▶ [WORK ITEM]: Retype exactly what appears below from the line containing "Close-up of a" down to the line containing "Fresh spinach leaves", keeping both end lines. Do not include pictures.

[Opening GIVEN ENTRIES section]

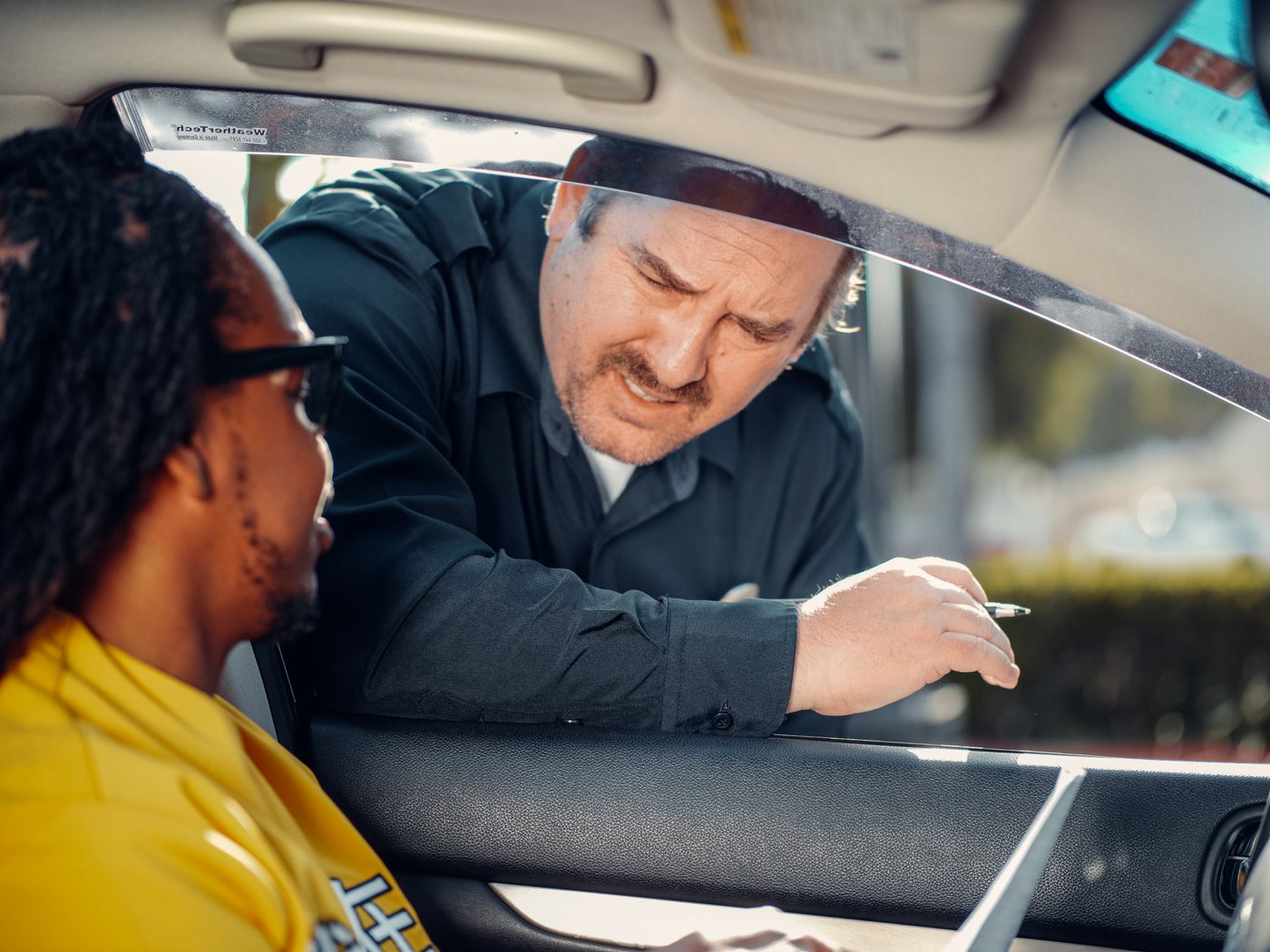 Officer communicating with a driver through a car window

[Closing GIVEN ENTRIES section]
[Opening GIVEN ENTRIES section]

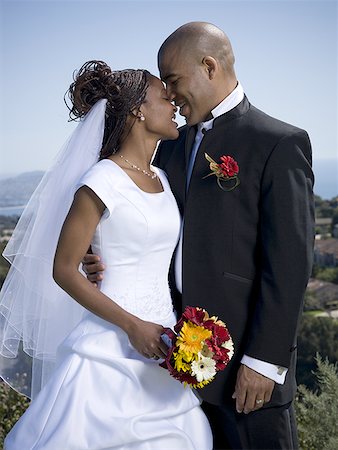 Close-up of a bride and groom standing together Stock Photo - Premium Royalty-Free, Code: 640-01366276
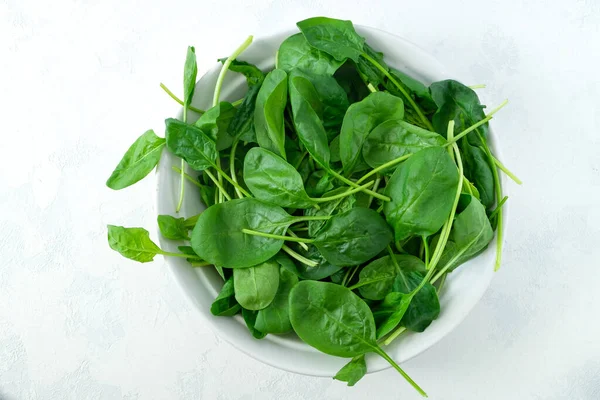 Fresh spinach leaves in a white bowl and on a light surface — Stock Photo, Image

[Closing GIVEN ENTRIES section]

▶ [SOLUTION TO THIS EXERCISE]:
 Close-up of a bride and groom standing together Stock Photo - Premium Royalty-Free, Code: 640-01366276
 Fresh spinach leaves in a white bowl and on a light surface — Stock Photo, Image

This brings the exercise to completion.